For example, titanium-containing oxides having a perovskite crystal structure or a layered perovskite crystal structure, which are represented by MTiO3 (M represents Ca, Ba, Mg, Sr, or Pb) and titanium-containing oxides in which some of Ti atoms are substituted with at least one type of Hf and Zr (PTL 1) (collectively referred to as “titanium-containing perovskite oxides”) have a considerably high relative dielectric constant. Therefore, the titanium-containing perovskite oxides have been eagerly studied for a long time as devices such as capacitor materials and dielectric films and also in terms of applications to substrate materials of other perovskite transition metal oxides and nonlinear resistors.
In addition to the excellent characteristics, the fact that titanium is an element which has a low environmental load, is safe for living bodies, and is abundant on the earth facilitates the use of titanium-containing perovskite oxides for biocompatible materials and the industrial use of titanium-containing perovskite oxides for electronic materials, optical materials, and the like. Among Clarke numbers, which represent the proportions of elements present in the earth's crust, titanium is in tenth place among all elements and in second place after iron among transition metals.
It is known that titanium compounds in which the valences of Ti are +4 (3d0) and +3 (3d1) are stably present. The material development of titanium-containing oxides that uses the conductivity of such d electrons has been eagerly conducted.

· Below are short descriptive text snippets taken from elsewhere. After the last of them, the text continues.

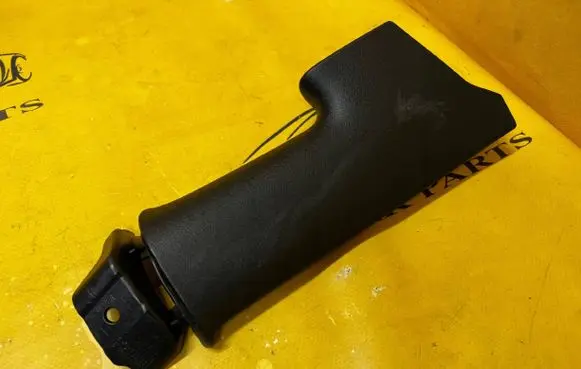 Tesla Model 3 (C) pillar trim 1086277-00-G 108627700G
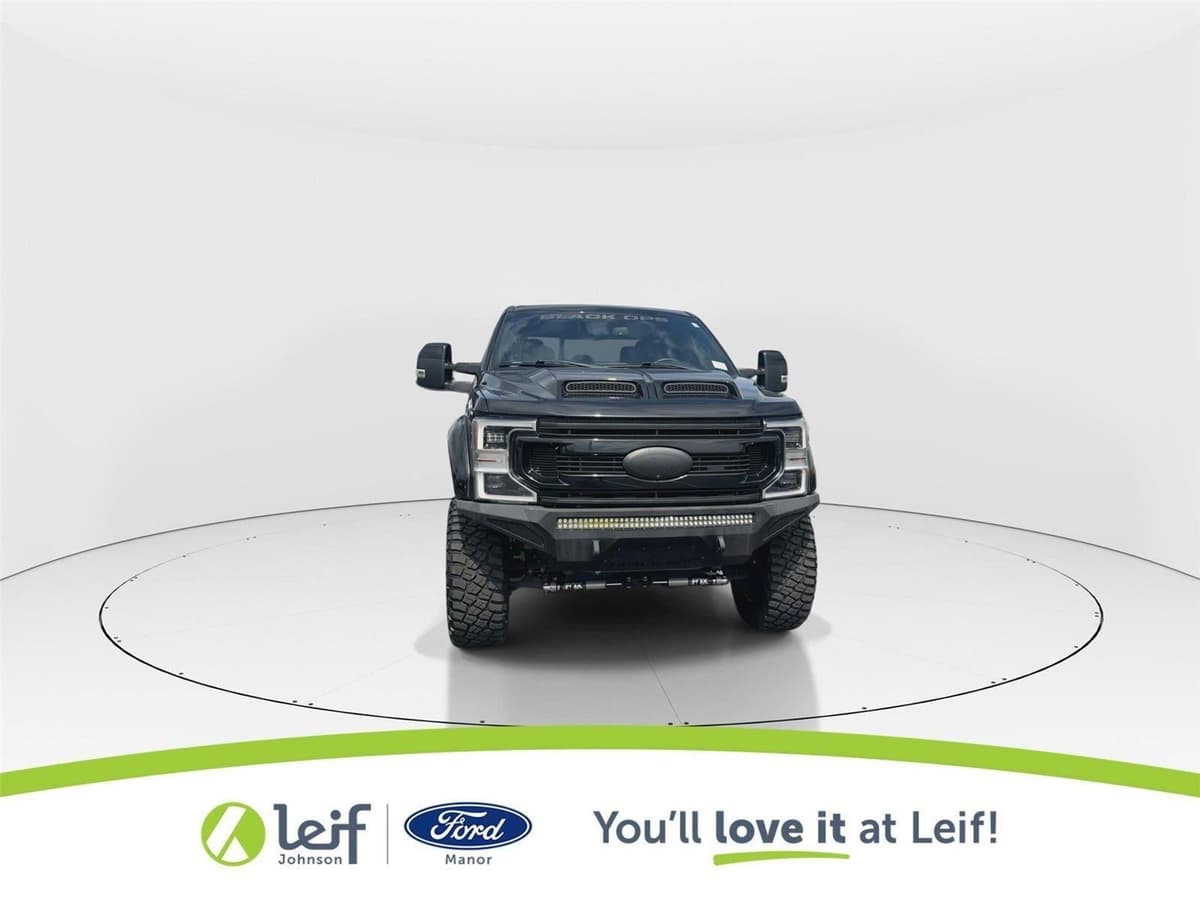 2022 Ford Super Duty F-250 - Image 3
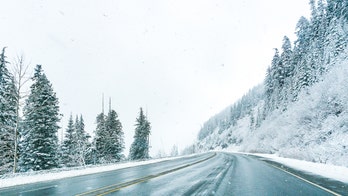 10 unique activities to keep your kids entertained on a snow day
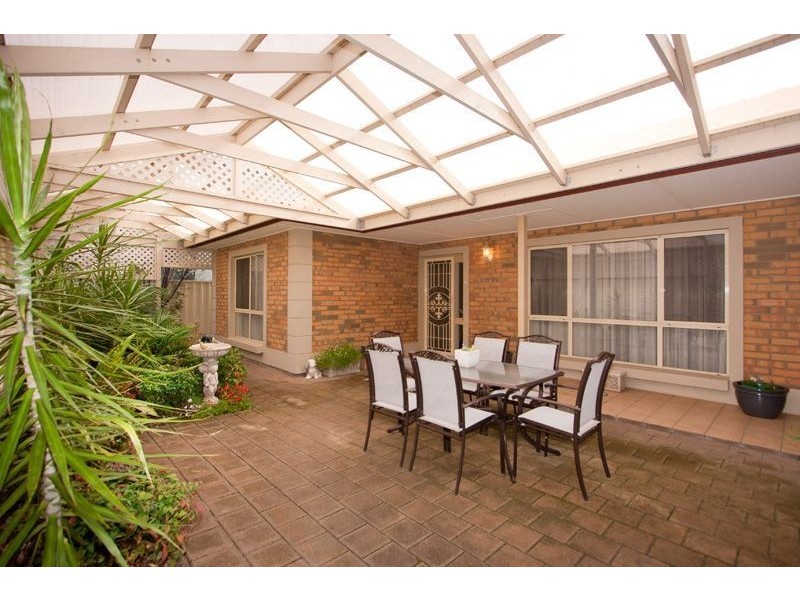 8 Rothesay Avenue, Glenelg North SA 5045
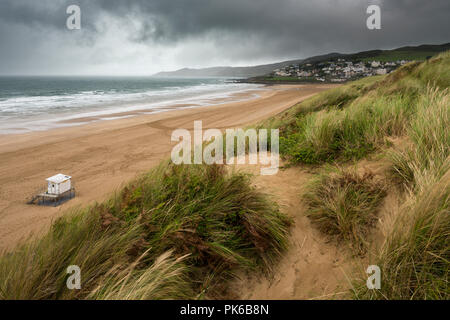 Le dune di sabbia che si affaccia Woolacombe sabbia sulla North Devon costa, Inghilterra. Foto Stock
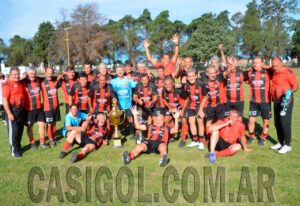 VETERANOS: SPORTIVO REALICÓ BICAMPEÓN EN GRADUADOS Y REY ABSOLUTO DEL 2025 costa-brava-sportivo-realicó-foto1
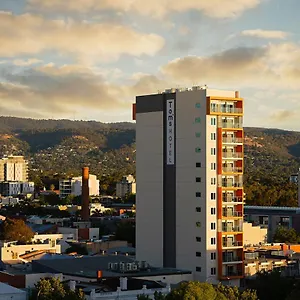 Hotel Toms Court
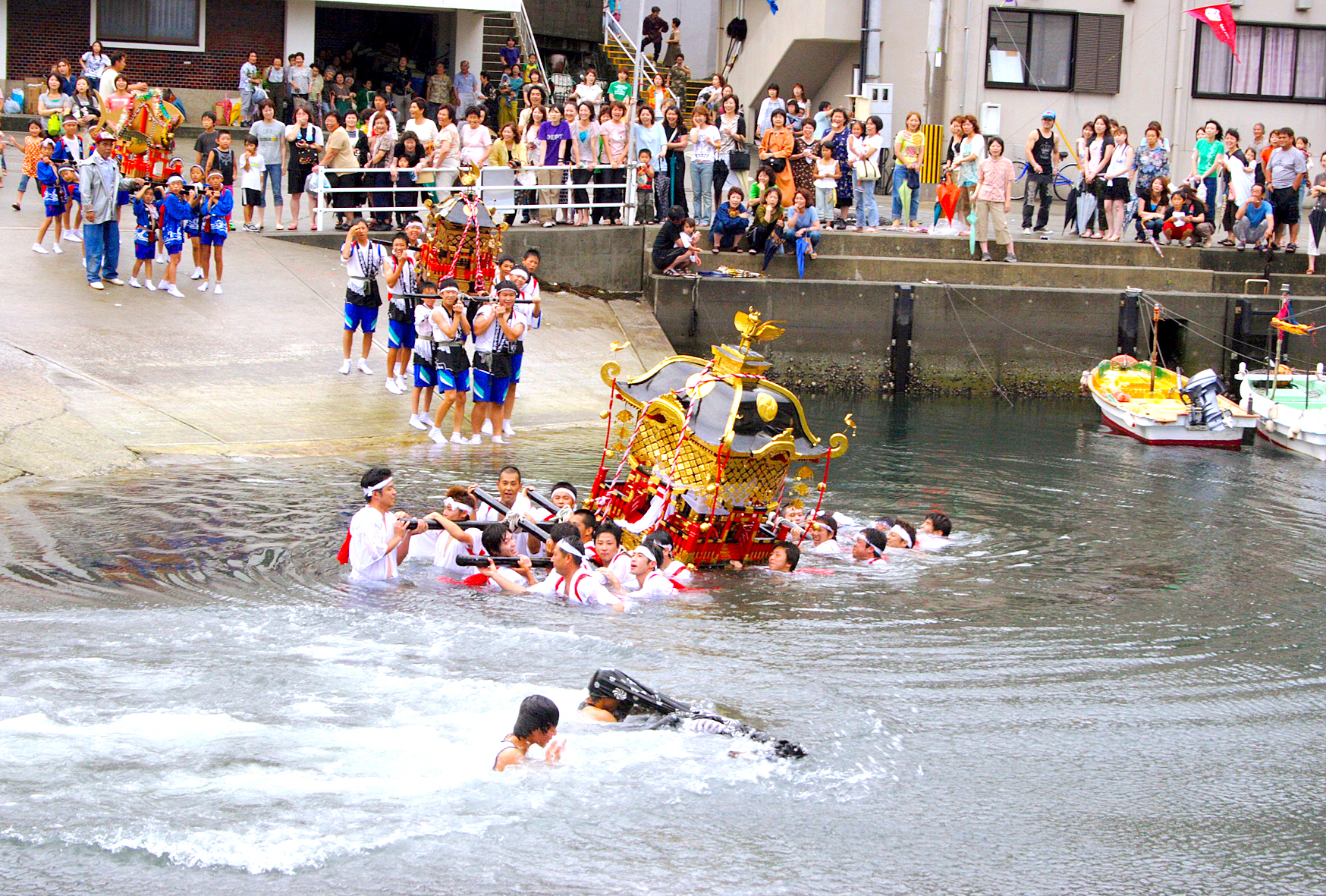 保戸島夏祭り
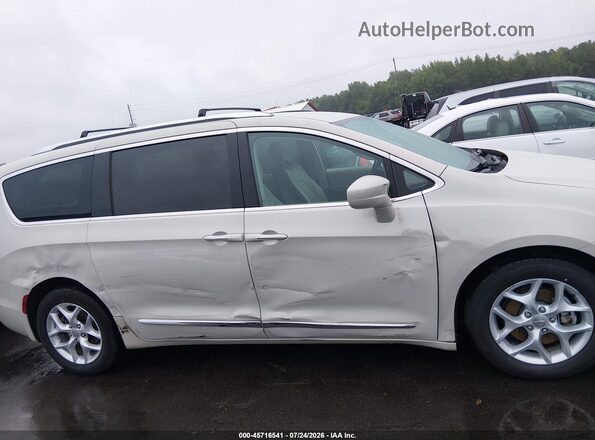 2C4RC1EG8HR635530 2017 CHRYSLER PACIFICA Tan Սալոնի հետևի տեսք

For example, Nb-doped anatase (TiO2) is promising as a transparent electrode material, and Ti4O7 known as one of Magneli phases is promising as a switching material (NPL 1) because Ti4O7 exhibits a metal-insulator transition.
It is known that, by forming oxygen defects (vacancies) in an insulative titanium-containing perovskite oxide, that is, by doping the insulative titanium-containing perovskite oxide with electrons, a mixed valence state with titanium having valences of +3 and +4 is achieved and thus the insulative titanium-containing perovskite oxide can be converted into a material with low electrical resistance (NPL 2). To achieve this, various methods such as a heat treatment at high temperature in vacuum, in hydrogen, in nitrogen, or in argon gas, using an oxygen getter are employed.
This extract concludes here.